Assessment design in an AI world
AI does not make assessment impossible. It makes some older assumptions less secure. This page gives you practical strategies for designing assessments that remain valid, meaningful, and defensible — across disciplines.
The question worth asking first
Before redesigning any assessment, ask: what is this task actually measuring? If a student used AI on this task, what would be lost — and does that matter?
For some tasks, the answer is: very little. If the task is producing a generic literature summary, AI can produce a reasonable version and the student producing it from scratch was not demonstrating much beyond the ability to summarise. That task may have needed redesigning before AI existed.

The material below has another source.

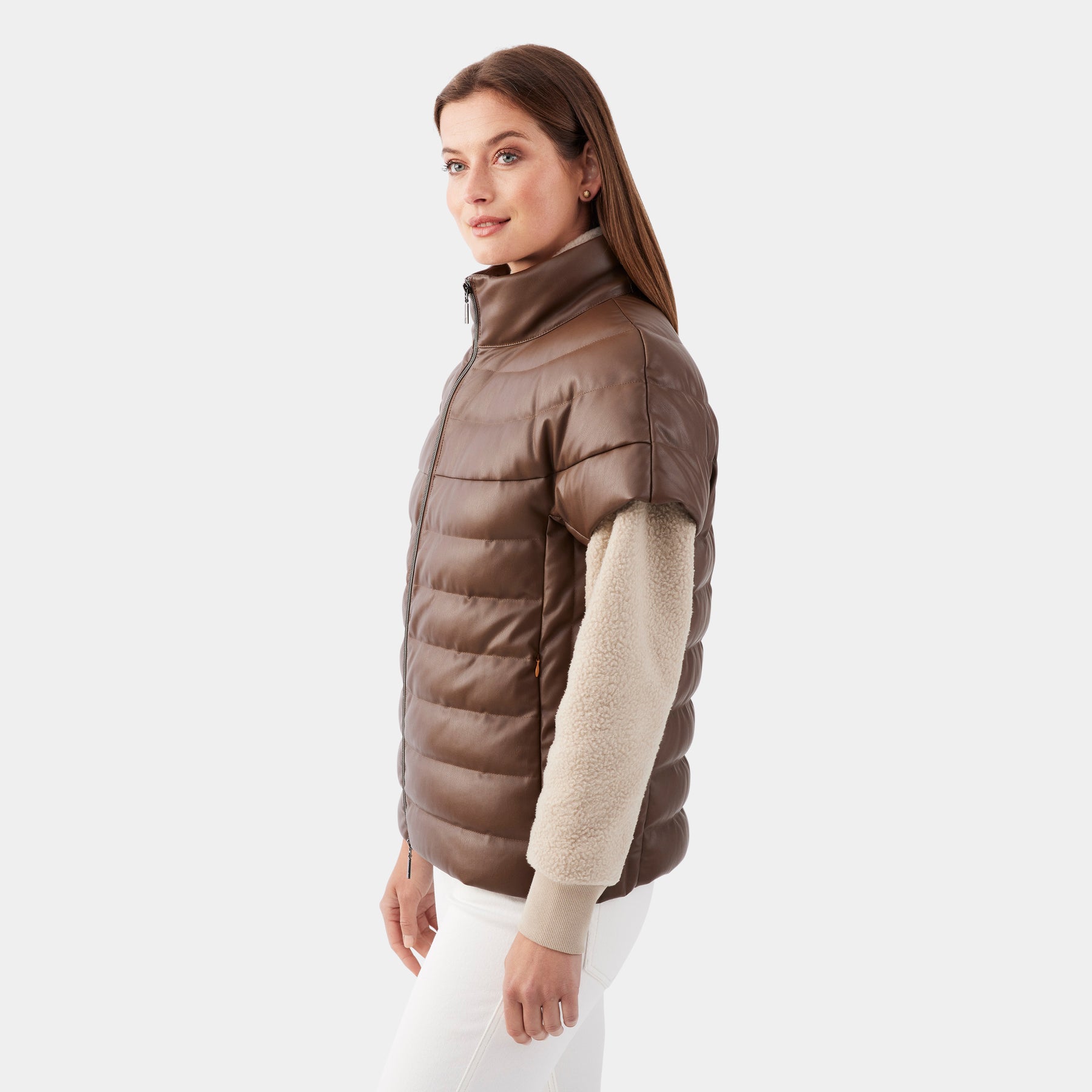 NUTEMPEROR PU LEATHER PUFFER DOWN VEST - ベスト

For other tasks, the answer is: everything. An oral presentation of original research, a clinical skills assessment, a studio critique, a live problem-solving session — these cannot be outsourced because they require the person to be present, thinking, and accountable.
So what does that mean? The starting point is not "how do I stop students using AI?" It is "what evidence of learning am I actually trying to capture, and how do I capture it in a way that AI cannot simply produce for them?"
Less secure and stronger evidence
Not all assessment types are equally vulnerable. The following gives you a practical map.
Four practical redesign strategies
These approaches work across disciplines — from humanities essays to lab reports to professional programme assessments. None requires abandoning existing assessment formats entirely.
- Add a process component. Ask students to submit not just the final product but evidence of the process — a research journal, annotated bibliography, draft with reflective commentary, or planning document. The process is much harder to outsource than the product. A student who cannot describe how they arrived at their argument has not done the intellectual work, regardless of whether AI was involved.
- Make it specific to your module. Tasks that require engagement with your actual teaching — specific lectures, seminars, your module's primary sources, discussions that happened in class — are much harder to shortcut with a general-purpose AI tool. The AI does not know what you taught. Your students do.
- Add a brief oral element. A five-minute follow-up conversation with the student about their submitted work — not a formal viva, just a short academic conversation — tells you more about their understanding than the written submission alone. Most students who have engaged with the work can explain it. Most who have not, cannot. This scales better than it sounds: ten minutes per student across a cohort of thirty is doable.
- Use staged submission. Break larger tasks into a sequence of checkpoints — a topic proposal, an outline, a partial draft, the final submission. Each stage is evidence. A student who produces a sophisticated final submission with no plausible development trail from their outline has a gap that is worth discussing.
Assessment types by discipline — what works
Different disciplines have different conventions and different starting points. These are not prescriptions — they are starting points for thinking.
Humanities and social sciences
The conventional essay is the most vulnerable format. Moves that help: require engagement with primary sources taught in your module rather than general research; require a critical commentary on the student's own argument; add an in-class component of 20–30 minutes that links to the essay topic; or shift toward oral presentation with Q&A. Seminar participation assessed via reflective log — written by the student about what they said and heard in seminars — is difficult to fabricate and high value.
Science and engineering
Lab reports are partially vulnerable — AI can produce the discussion and conclusion sections from given data. The lab work itself, the data collection, and the lab notebook remain strong evidence. Require students to annotate their own data with decisions they made during collection. Problem sets completed in supervised conditions remain robust. Open-ended design problems where students must justify their choices orally are strong.
Professional programmes — nursing, education, law, engineering
Clinical placement evidence, professional practice portfolios, and supervised performance assessments are inherently robust — the student must demonstrate capability in person. Written reflective components are more vulnerable. The most effective approach is to anchor reflective writing explicitly to specific, documented events in the student's own practice — an AI tool cannot replicate what happened during a specific placement shift with a specific patient or client.
Arts, design, and creative programmes
The studio critique, portfolio review, and process portfolio are already strong formats — the work and its development are visible, the student must discuss and defend it in real time. Written components that explain creative decisions made in the student's own practice are more robust than general critical essays. AI use in creative work itself is a substantive disciplinary conversation worth having explicitly with your programme.
Using AI to improve your assessment design
This is one of the highest-value uses of AI for HE staff. You can use it to stress-test your existing assessments, generate rubric language, produce sample student responses at different grade levels, or draft marking criteria.